# [TASK GOAL]
In the material below, the lines between the one holding "Load image into" and the one holding "FlyChase Interactive Cat", inclusive, are to be set down word for word. Pictures stay out.

# [DATA TO PROCESS]

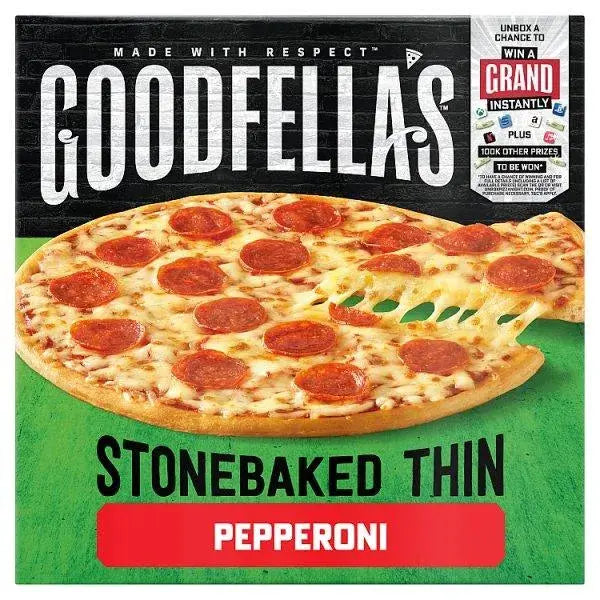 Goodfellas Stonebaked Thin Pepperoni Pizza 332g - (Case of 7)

==

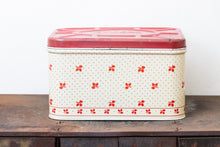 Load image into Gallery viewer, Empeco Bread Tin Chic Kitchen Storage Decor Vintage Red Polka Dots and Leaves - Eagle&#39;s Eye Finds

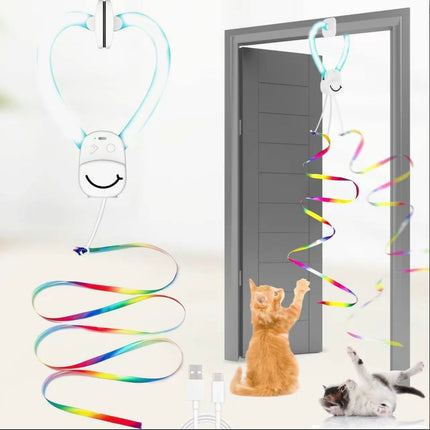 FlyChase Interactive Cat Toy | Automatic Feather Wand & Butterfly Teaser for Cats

--

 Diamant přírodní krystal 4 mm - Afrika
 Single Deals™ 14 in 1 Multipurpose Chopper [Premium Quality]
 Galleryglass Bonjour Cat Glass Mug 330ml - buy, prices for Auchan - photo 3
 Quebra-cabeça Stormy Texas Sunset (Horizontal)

# [FINISHED EXERCISE]
 Load image into Gallery viewer, Empeco Bread Tin Chic Kitchen Storage Decor Vintage Red Polka Dots and Leaves - Eagle&#39;s Eye Finds

 FlyChase Interactive Cat Toy | Automatic Feather Wand & Butterfly Teaser for Cats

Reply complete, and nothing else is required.